EC: When did you first start dealing with futures studies? What drew you to this discipline and why did you decide to study it further and make it the cornerstone of your career?
EBM: It was the ’70s, I started writing to all the people I could find who were dealing with this, from Bertrand de Jouvenel in Paris, to Robert Jungk In Austria, to Johann Galtung in Norway. They were among the first ones in Europe. Then I contacted the University of Manchester in the UK… Everyone responded with great enthusiasm since in Italy we were in the early stages. They invited me to the first major conference in Kyoto, where I met people dealing with futures studies in different countries. They were of course mainly Americans, and Germans in Europe, where Ossip Flechtheim had been. He had launched the term futurologies, which is now no longer used. Also in Italian we make a mistake when we use the term futurology because it gives the feeling that there is “one single way to look to the future, but there are different ways to look to the futures.” For this reason, the term “futures studies” is used globally. In Spanish, they use “perspectivas” (perspectives), in French, founder Bertrand de Jouvenel uses “futuribles”, always in the plural.
The key point to remember is that one can never speak of the future, but of the futures, in the plural. The futures are always multifaceted, there is not a single future, because if we look at the past we see a number of possible changes that could have led to possible futures different among them.
EC: The use of the plural, as you said, implies different possible scenarios. So, speaking of futures studies in the plural, can you explain what they deal with in particular and which methodologies they use?
EBM: Speaking of futures in the plural gives you the chance to (pre-) dict different futures in a society that is changing as rapidly as technology and lifestyles. Several possible futures, because my decisions today can have different consequences. The most common method to carry out this kind of analysis is the description of the alternative scenarios; futures studies always require an analysis of the recent past, whatever the topic.
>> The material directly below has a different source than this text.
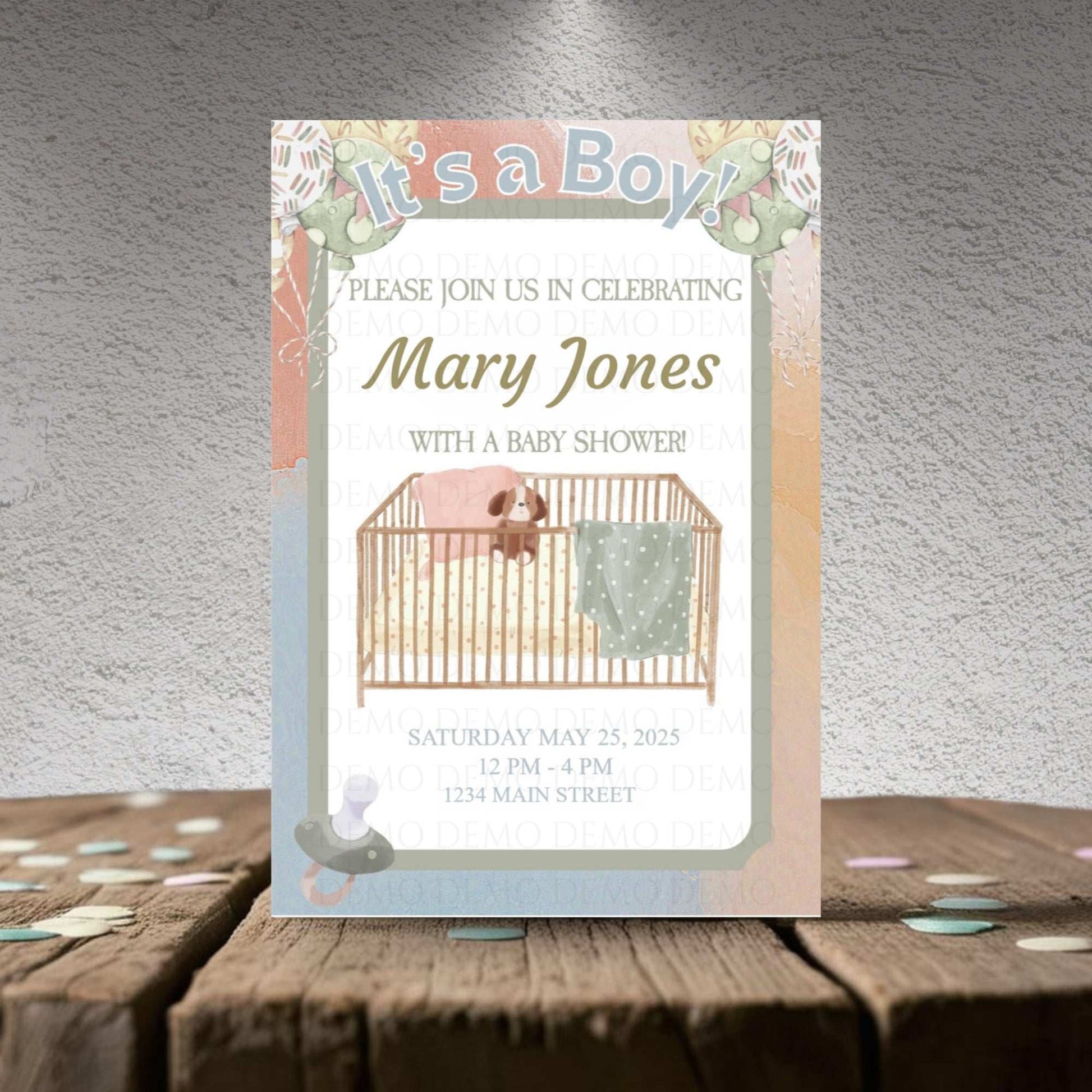 Personalized Boy Crib Baby Shower Invitation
For example, elementary school in Italy needs an analysis of the recent past, you have to decide whether to examine up to 10, 20 years back. What has been changed? What decisions do we intend to make? And thus the forecast is used to compare alternative scenarios whereby those who have to decide can direct their orientation.
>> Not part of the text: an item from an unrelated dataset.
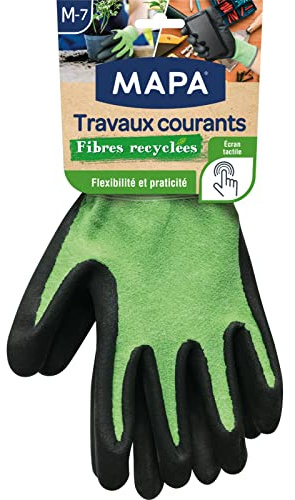 MAPA - Travaux Courants Fibres Recyclées - Gants de Jardinage Multi-Usages en Fibres Recyclées - Flexibles et Résistants - 1 paire - Taille M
That is to say that, among the different possible futures, one can choose the most probable ones among them. One should always point them as possible or probable: this is a concept that one needs to keep clearly in mind I can never say “this is a certain future,” I conduct future studies but I cannot be certain. The mistake is precisely that. And for this reason, in Italy many decisions have not been made. I assure you that myself and Aurelio Peccei, founder of the Rome club , have worked so hard and have tried to make politicians understand that in making decisions we have to look at the possible consequences of those decisions. The consequences are never one, they are several, and I have to try to identify them because the futures are always several, not one. I cannot say that I want to change the primary school in Italy in this direction for sure, I do it because I believe this is the most likely to be hoped for among the predictabile futures.
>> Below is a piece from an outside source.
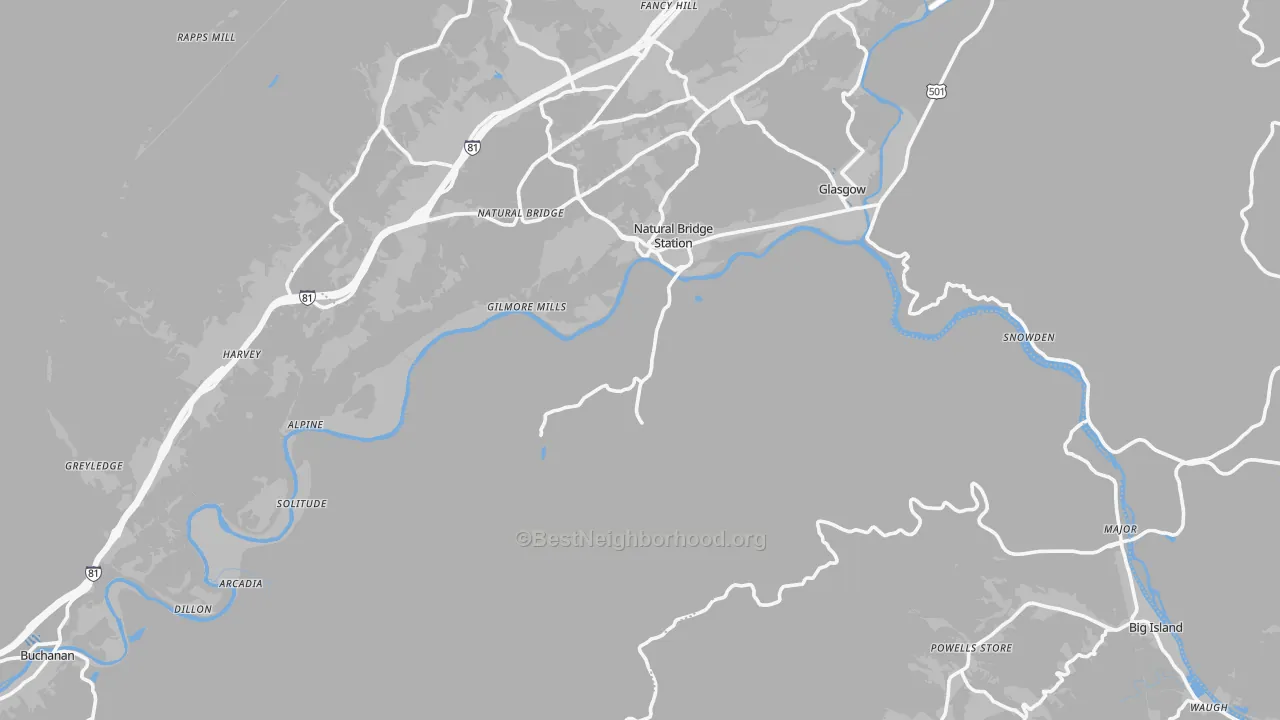 Transit Grade map of Natural Bridge Station, VA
In England and Germany, these methodologies are extensively used to provide particular guidance in the fields of education and research for example. Northern Europe countries such as Sweden, Norway, Denmark and the Netherlands have ministries or research centers able to identify the possible consequences of policy decisions taken or to be taken, and they are also in the government.
Companies should also take advantage of it, for example, FCA has a study group. Large corporations should all consider it important to weigh the consequences of their actions today and be prepared for the effects of their choices.
EC: What is your take on the futures that we can imagine in the next 10 years?
EBM: “First of all climate change is undoubtedly a fundamental thing, water changes, water use and sources, for the future of the world.
Furthermore, with older people (at least in advanced countries), the relationship between young people and the elderly is one of the great social problems of the future.
Finally, a topic of utmost importance is the kind of education we should give young people for them to be ready for a world that is constantly changing and that will keep changing more and more. Already from primary school, we need to introduce evidence to put this concept into minds: look forward to not be taken by surprise, as past generations.
What are the future jobs, jobs that can be important to a changing society?